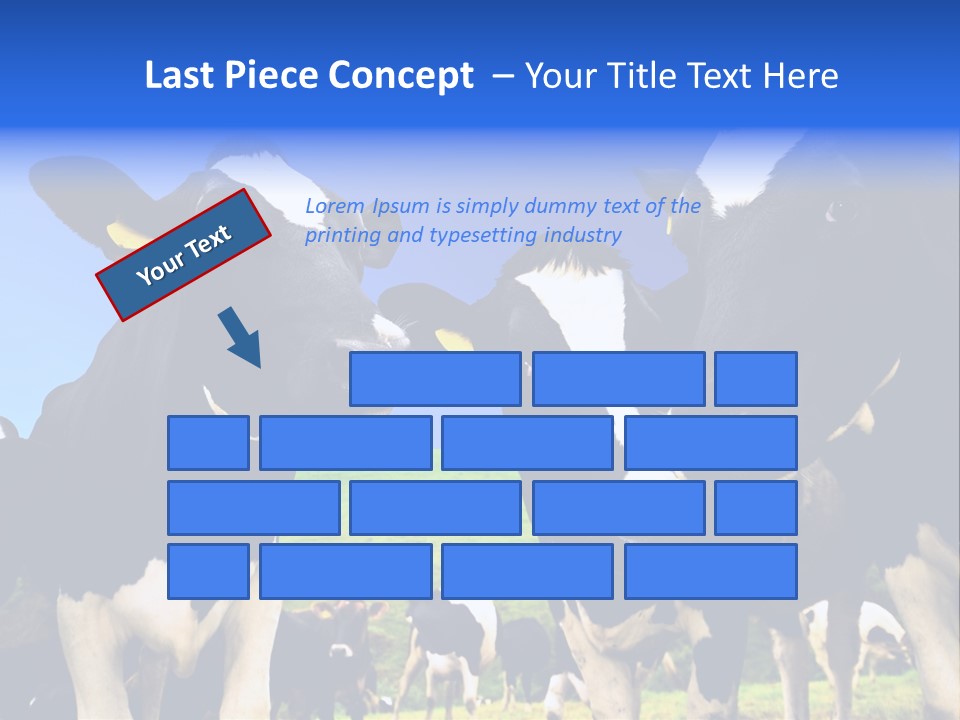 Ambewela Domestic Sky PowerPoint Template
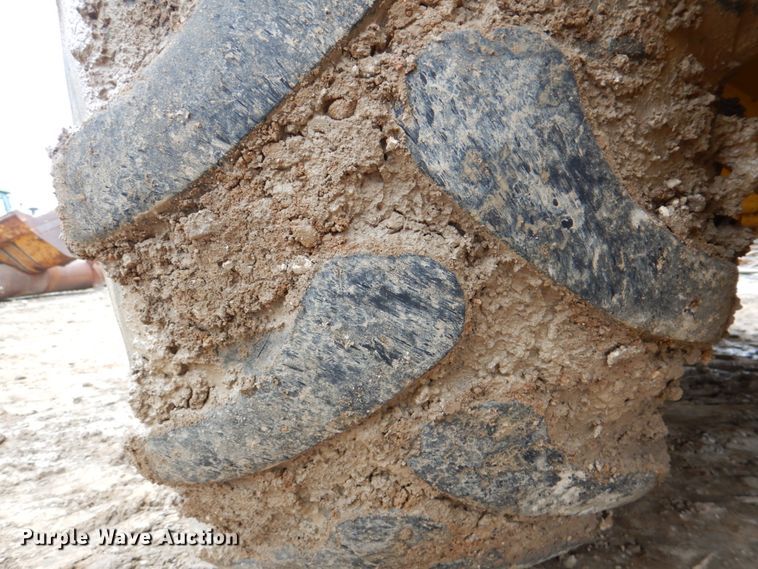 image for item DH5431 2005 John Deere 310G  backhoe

==

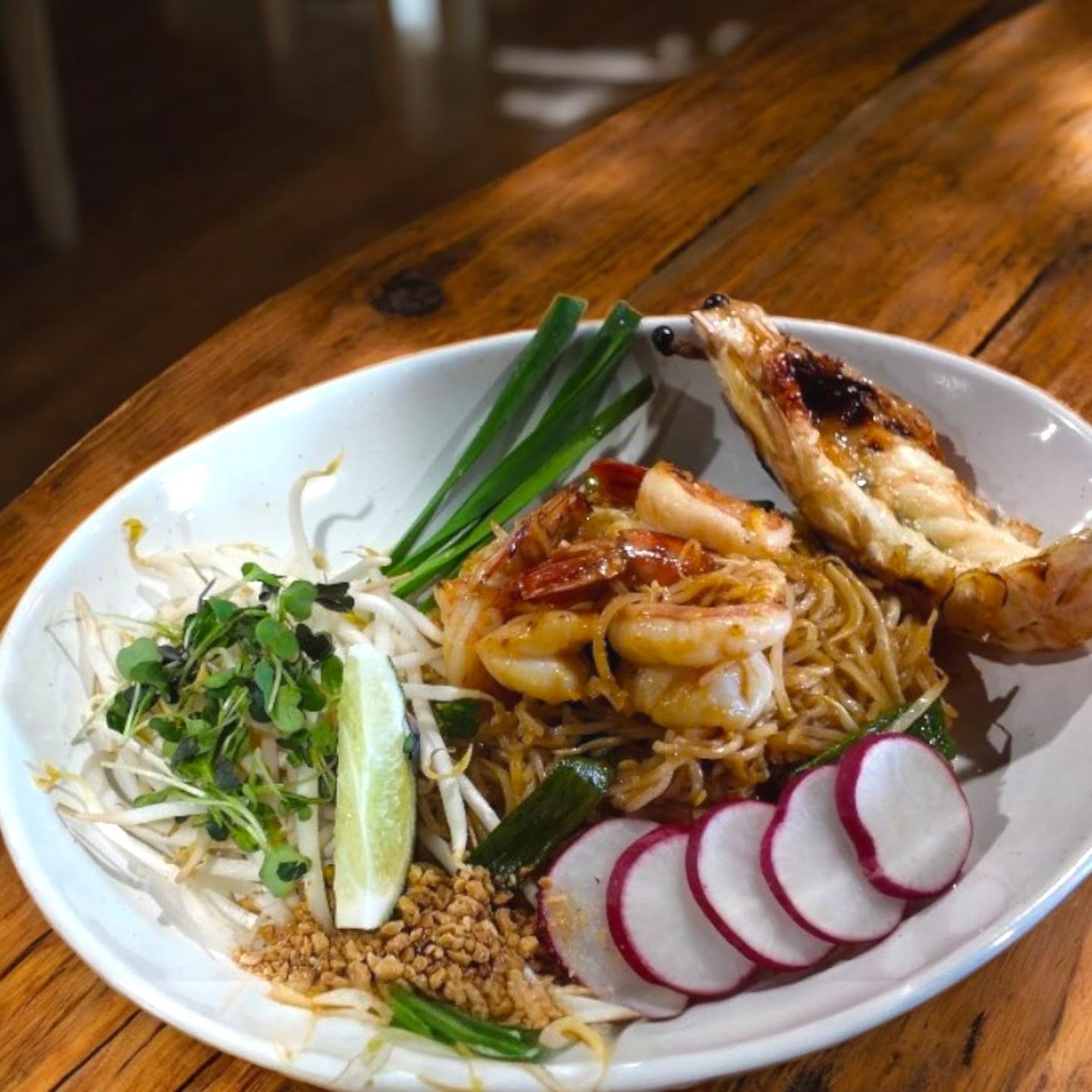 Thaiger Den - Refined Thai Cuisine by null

...

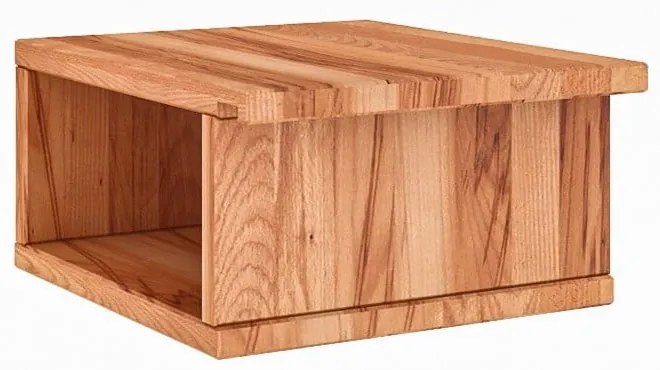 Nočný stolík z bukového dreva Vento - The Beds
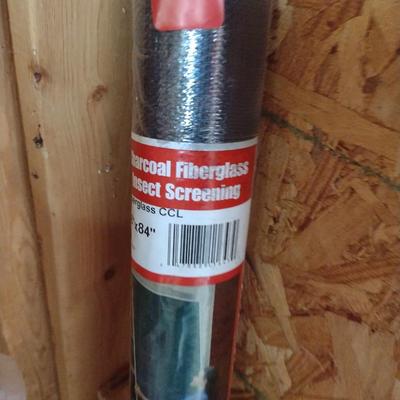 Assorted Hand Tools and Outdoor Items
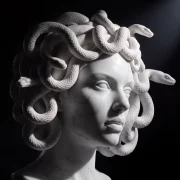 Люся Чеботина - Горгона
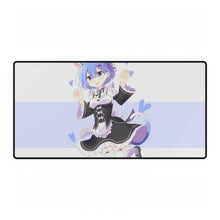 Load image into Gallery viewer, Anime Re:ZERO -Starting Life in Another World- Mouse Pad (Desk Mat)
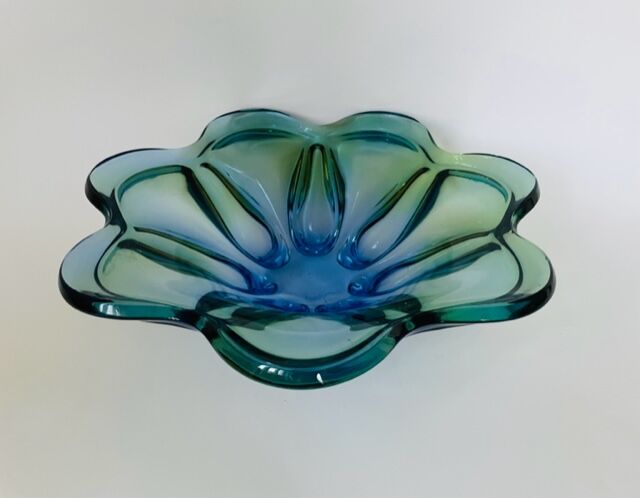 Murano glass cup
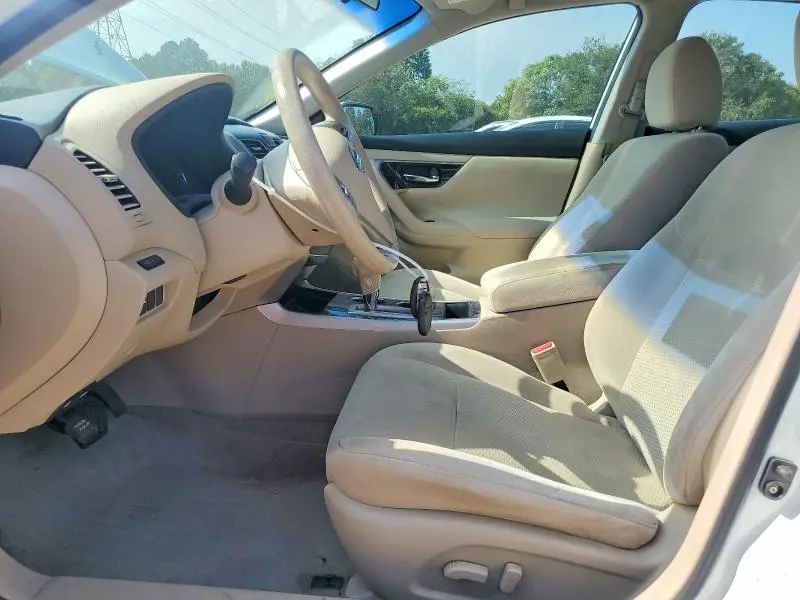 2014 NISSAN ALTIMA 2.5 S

▶ _WORK TO COMPLETE_: From the records above, give again only the part that opens with the line containing "Люся Чеботина - Горгона" and closes with the line containing "2014 NISSAN ALTIMA 2.5 S". Keep both ends but drop the pictures.

▶ _TASK SOLUTION_:
 Люся Чеботина - Горгона
 Load image into Gallery viewer, Anime Re:ZERO -Starting Life in Another World- Mouse Pad (Desk Mat)
 Murano glass cup
 2014 NISSAN ALTIMA 2.5 S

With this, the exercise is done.